Cette erreur fait que, par exemple, les démons de la Faune de Mango resurgissent avec à la clé, une réaction disproportionnée et une intervention tout aussi disproportionnée des forces de l’ordre.
Ce conflit s’est durci avec le jeu de certaines personnalités politiques de l’opposition, qui manquant cruellement d’idées pour faire avancer durablement le Togo, utilisent les ressentiments légitimes des populations pour manifester leur existence déjà forte essoufflée.
Devant un tel schéma classique qui fait mal au Togo, des leçons à court et à long termes doivent être tirées de cette situation douloureuse du “cas Mango.”

Des décisions à court et long termes de gouverner le Togo
Les événements de Mango auraient causé des morts et des blessés dans les deux camps.

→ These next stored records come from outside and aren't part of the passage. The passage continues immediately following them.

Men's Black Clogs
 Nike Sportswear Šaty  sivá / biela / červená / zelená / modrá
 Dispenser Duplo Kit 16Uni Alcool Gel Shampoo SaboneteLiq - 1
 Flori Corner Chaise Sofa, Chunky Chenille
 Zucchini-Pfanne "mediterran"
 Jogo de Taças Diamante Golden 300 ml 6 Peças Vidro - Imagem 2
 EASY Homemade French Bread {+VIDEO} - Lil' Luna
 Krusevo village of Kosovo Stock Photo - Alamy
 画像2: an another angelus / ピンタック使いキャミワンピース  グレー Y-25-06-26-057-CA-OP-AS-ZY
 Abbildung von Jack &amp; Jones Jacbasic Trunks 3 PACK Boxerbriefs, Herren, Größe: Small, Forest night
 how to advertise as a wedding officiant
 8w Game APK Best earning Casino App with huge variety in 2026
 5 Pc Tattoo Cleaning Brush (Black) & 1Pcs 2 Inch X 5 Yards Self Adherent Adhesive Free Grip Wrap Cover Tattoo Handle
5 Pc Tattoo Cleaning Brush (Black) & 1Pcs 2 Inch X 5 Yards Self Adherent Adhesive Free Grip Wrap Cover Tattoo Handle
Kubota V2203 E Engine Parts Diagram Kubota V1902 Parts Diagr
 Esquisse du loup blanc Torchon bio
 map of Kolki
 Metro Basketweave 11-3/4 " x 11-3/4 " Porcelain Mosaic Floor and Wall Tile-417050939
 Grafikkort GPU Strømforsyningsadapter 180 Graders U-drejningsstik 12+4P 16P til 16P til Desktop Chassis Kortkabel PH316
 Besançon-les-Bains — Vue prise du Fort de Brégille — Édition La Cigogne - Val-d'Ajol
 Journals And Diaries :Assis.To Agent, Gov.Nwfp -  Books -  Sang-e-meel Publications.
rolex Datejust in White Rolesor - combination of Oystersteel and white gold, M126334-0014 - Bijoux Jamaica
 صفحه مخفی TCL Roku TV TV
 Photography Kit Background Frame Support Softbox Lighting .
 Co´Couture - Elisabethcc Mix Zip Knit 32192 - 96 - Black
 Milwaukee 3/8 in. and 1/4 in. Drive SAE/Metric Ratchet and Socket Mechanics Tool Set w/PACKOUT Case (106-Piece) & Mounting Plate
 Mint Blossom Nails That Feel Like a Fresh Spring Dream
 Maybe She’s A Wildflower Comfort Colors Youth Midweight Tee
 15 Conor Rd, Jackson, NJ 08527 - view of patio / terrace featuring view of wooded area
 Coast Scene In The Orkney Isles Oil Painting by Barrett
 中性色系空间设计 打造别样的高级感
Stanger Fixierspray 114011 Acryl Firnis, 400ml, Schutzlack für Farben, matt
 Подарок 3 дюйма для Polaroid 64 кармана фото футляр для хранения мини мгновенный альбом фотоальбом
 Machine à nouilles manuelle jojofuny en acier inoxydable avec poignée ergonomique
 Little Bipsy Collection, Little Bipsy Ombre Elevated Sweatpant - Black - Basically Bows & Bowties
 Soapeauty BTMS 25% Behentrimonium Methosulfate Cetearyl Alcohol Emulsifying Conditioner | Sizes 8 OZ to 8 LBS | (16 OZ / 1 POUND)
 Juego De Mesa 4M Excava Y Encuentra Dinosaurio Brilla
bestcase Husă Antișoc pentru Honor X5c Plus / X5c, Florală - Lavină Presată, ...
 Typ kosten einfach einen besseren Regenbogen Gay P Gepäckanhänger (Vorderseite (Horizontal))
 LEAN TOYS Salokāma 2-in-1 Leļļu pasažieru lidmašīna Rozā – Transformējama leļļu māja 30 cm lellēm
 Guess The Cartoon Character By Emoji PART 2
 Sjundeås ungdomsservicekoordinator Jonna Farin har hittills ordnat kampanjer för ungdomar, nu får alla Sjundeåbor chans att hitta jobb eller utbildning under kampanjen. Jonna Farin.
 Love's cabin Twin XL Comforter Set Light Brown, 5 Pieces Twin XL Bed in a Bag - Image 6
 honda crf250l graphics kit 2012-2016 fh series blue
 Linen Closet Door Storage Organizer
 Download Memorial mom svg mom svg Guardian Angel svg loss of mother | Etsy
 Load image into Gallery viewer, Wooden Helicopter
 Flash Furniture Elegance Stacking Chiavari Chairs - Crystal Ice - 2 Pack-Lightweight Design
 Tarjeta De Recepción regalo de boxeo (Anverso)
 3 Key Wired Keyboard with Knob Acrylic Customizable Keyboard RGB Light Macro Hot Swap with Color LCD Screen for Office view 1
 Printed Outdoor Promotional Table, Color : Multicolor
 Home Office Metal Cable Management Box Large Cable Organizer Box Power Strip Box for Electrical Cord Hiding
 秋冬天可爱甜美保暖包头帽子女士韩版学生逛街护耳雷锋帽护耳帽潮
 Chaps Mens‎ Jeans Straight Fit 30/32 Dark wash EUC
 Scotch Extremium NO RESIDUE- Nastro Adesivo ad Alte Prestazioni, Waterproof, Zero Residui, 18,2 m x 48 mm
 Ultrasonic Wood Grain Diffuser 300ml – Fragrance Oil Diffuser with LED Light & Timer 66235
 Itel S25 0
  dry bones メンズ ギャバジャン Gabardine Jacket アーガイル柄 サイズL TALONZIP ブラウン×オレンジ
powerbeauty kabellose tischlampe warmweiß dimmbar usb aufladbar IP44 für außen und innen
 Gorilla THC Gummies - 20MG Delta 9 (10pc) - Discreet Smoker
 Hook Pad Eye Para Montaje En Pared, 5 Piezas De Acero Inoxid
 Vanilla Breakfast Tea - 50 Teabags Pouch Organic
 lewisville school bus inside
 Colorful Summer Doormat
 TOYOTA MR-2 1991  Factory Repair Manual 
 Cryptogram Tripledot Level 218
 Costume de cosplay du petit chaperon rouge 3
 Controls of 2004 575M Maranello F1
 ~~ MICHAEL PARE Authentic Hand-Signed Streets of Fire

Dans le but de calmer la situation et de relancer le projet de rétablissement de la faune, il est de la responsabilité du Gouvernement de faire le plus grand pas: mener une enquête, situer les responsabilités et parler à la population locale. Il faut nécessairement indemniser les victimes qui doivent être indemnisées et faire une démarche d’explication quant à la nécessité de restaurer l’aire protégée.
Il faudra faire en sorte que la population locale s’approprie le projet pour une protection durable de la faune.
Dans une démarche de gouvernance globale, il incombe aux hommes politiques de notre pays de développer une culture de consultation systématique des populations sur des projets qui les concernent et au-delà, rétablir la confiance du peuple en ses responsables à travers l’establishment des femmes et des hommes de son choix.